:: Problem details ::
In the records below, reproduce exactly the lines from the one containing "Casio BGA-130-4B" through the one containing "3 quarto Moradia", both included, and omit the pictures.

== Input records ==

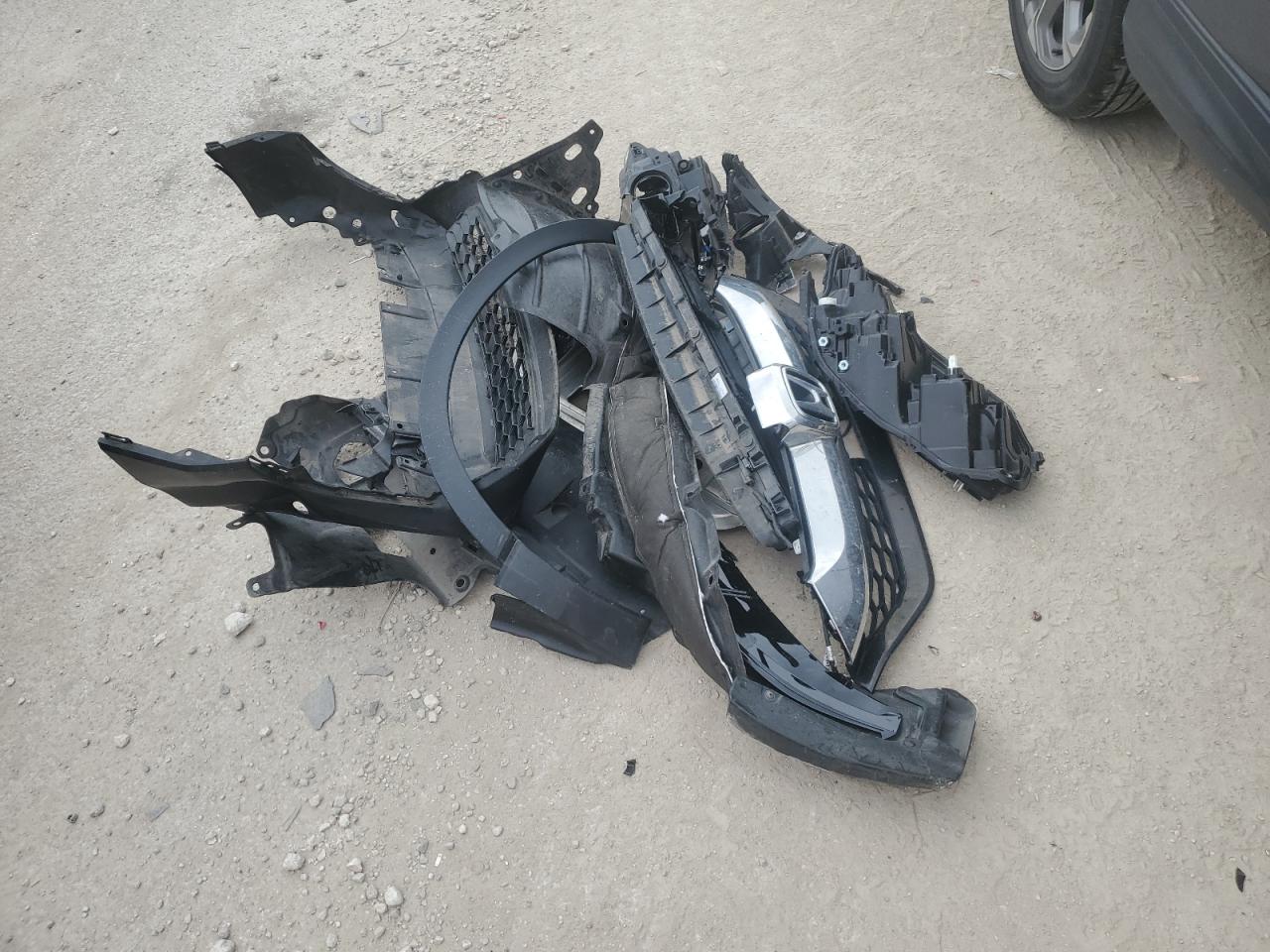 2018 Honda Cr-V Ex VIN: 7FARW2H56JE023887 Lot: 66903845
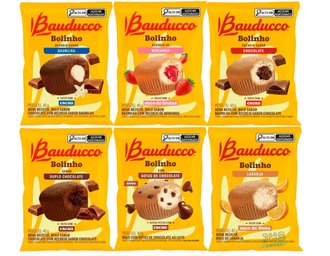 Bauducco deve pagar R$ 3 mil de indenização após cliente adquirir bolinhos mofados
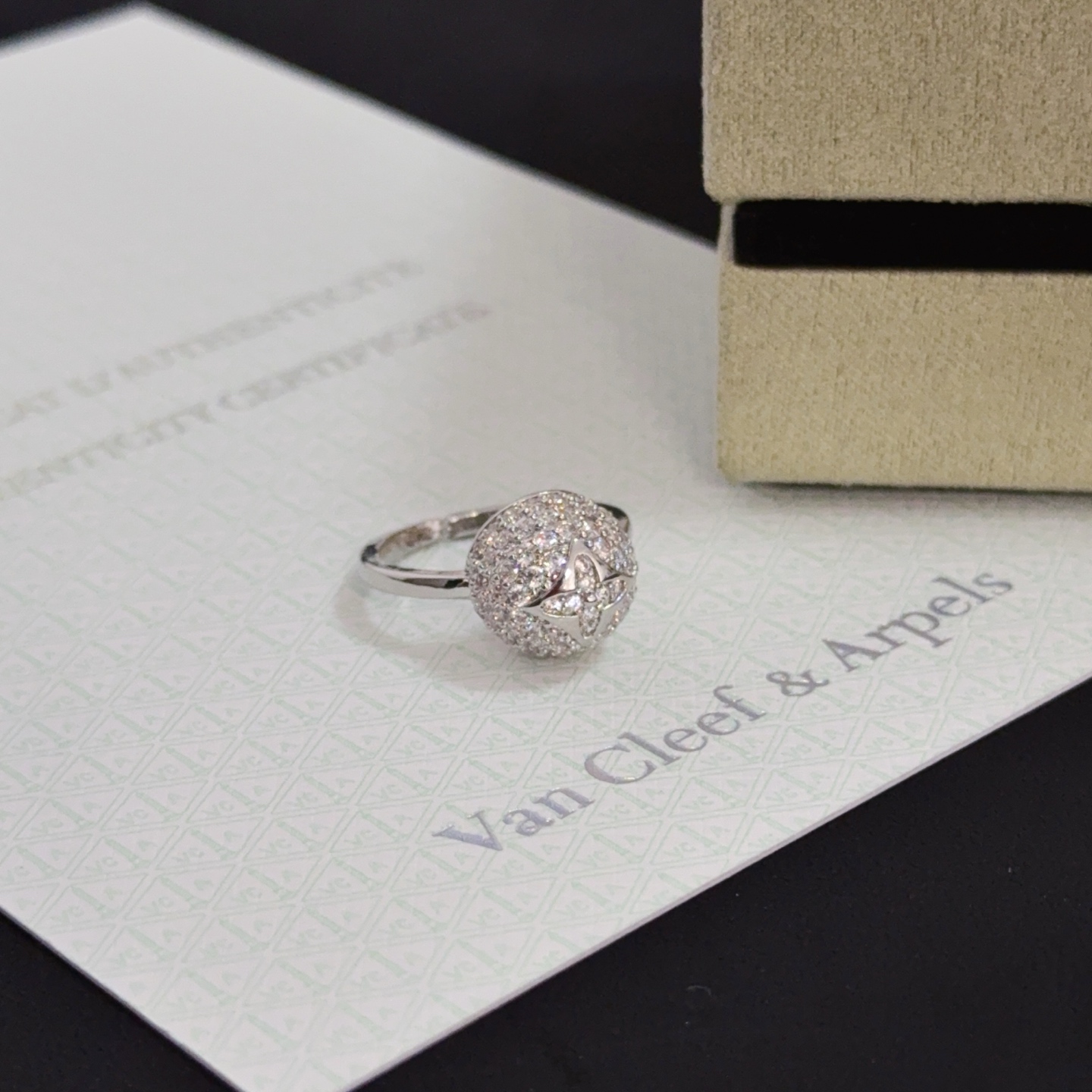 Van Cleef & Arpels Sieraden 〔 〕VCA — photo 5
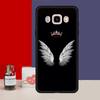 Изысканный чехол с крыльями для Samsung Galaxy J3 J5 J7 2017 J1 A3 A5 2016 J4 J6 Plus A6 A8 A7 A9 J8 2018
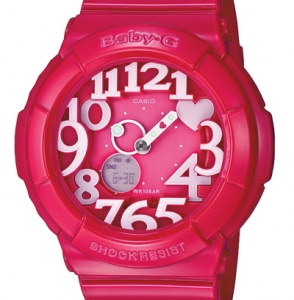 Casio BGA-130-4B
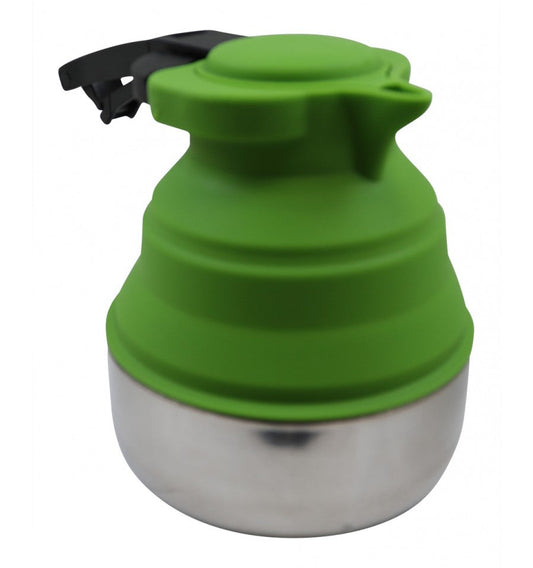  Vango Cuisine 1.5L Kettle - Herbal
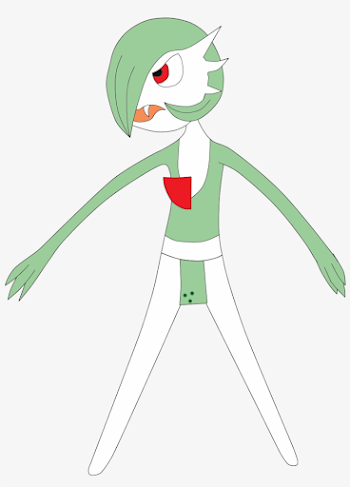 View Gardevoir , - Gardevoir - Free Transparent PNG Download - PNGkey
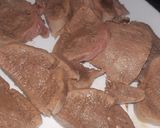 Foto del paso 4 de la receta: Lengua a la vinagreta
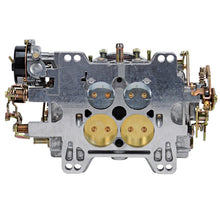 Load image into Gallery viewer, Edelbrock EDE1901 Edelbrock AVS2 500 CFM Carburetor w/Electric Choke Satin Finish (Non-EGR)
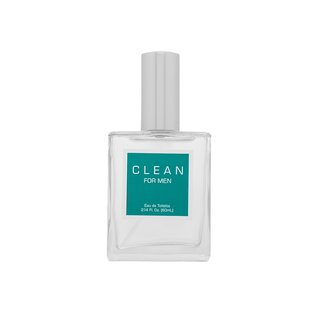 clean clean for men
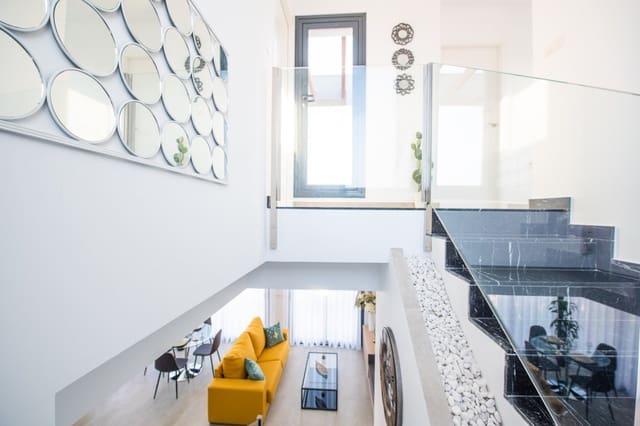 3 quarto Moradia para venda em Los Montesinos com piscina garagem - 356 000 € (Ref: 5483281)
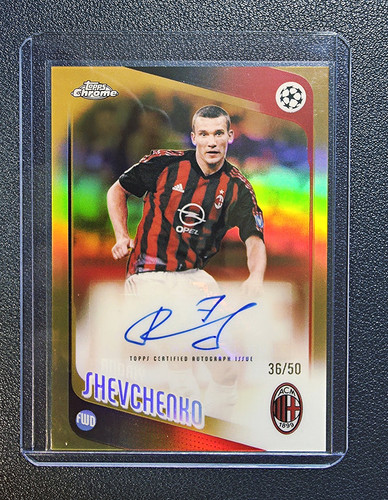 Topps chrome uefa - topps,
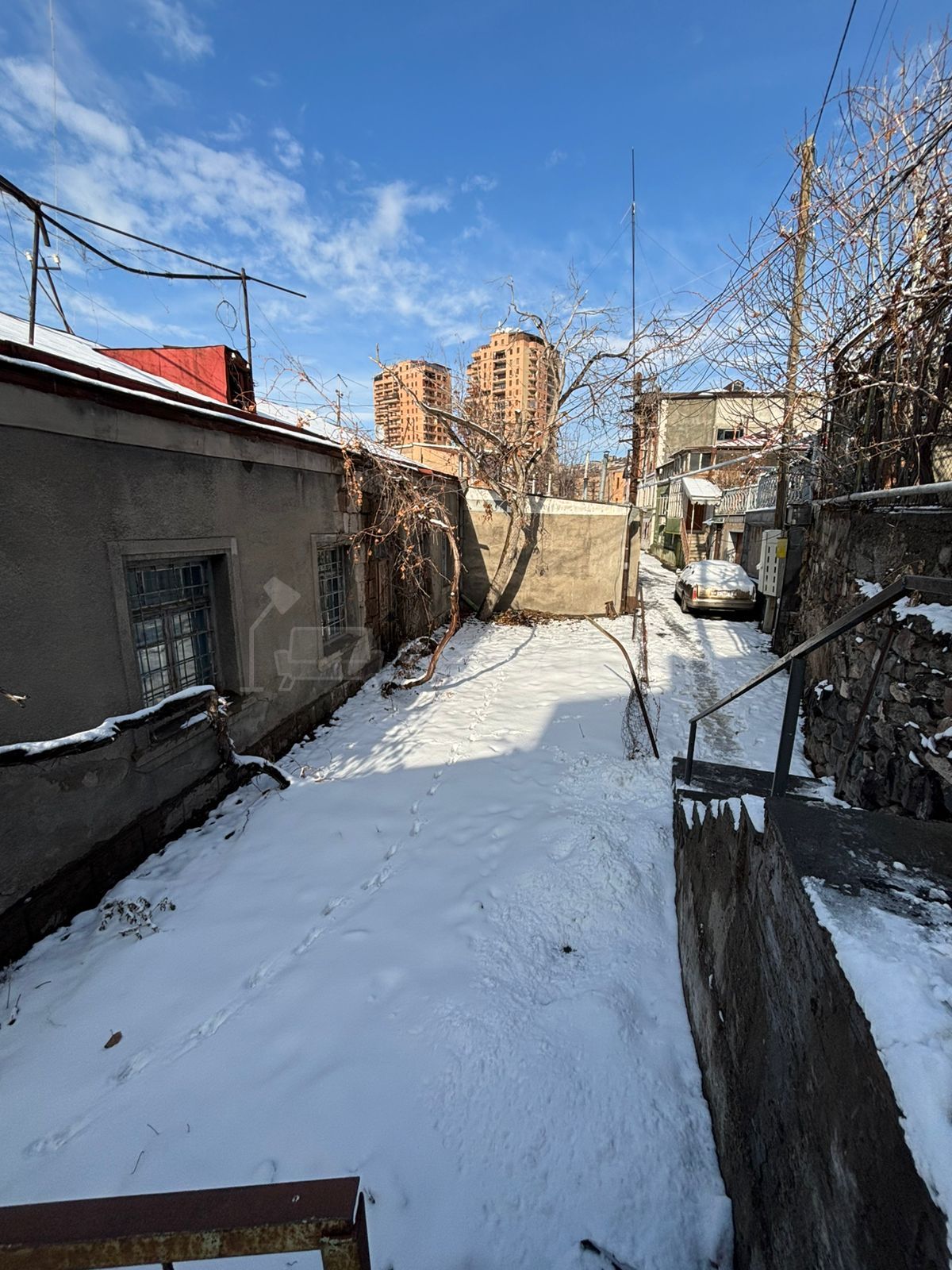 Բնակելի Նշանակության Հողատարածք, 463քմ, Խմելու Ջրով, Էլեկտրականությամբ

===

:: Answer section ::
 Casio BGA-130-4B
  Vango Cuisine 1.5L Kettle - Herbal
 View Gardevoir , - Gardevoir - Free Transparent PNG Download - PNGkey
 Foto del paso 4 de la receta: Lengua a la vinagreta
 Load image into Gallery viewer, Edelbrock EDE1901 Edelbrock AVS2 500 CFM Carburetor w/Electric Choke Satin Finish (Non-EGR)
 clean clean for men
 3 quarto Moradia para venda em Los Montesinos com piscina garagem - 356 000 € (Ref: 5483281)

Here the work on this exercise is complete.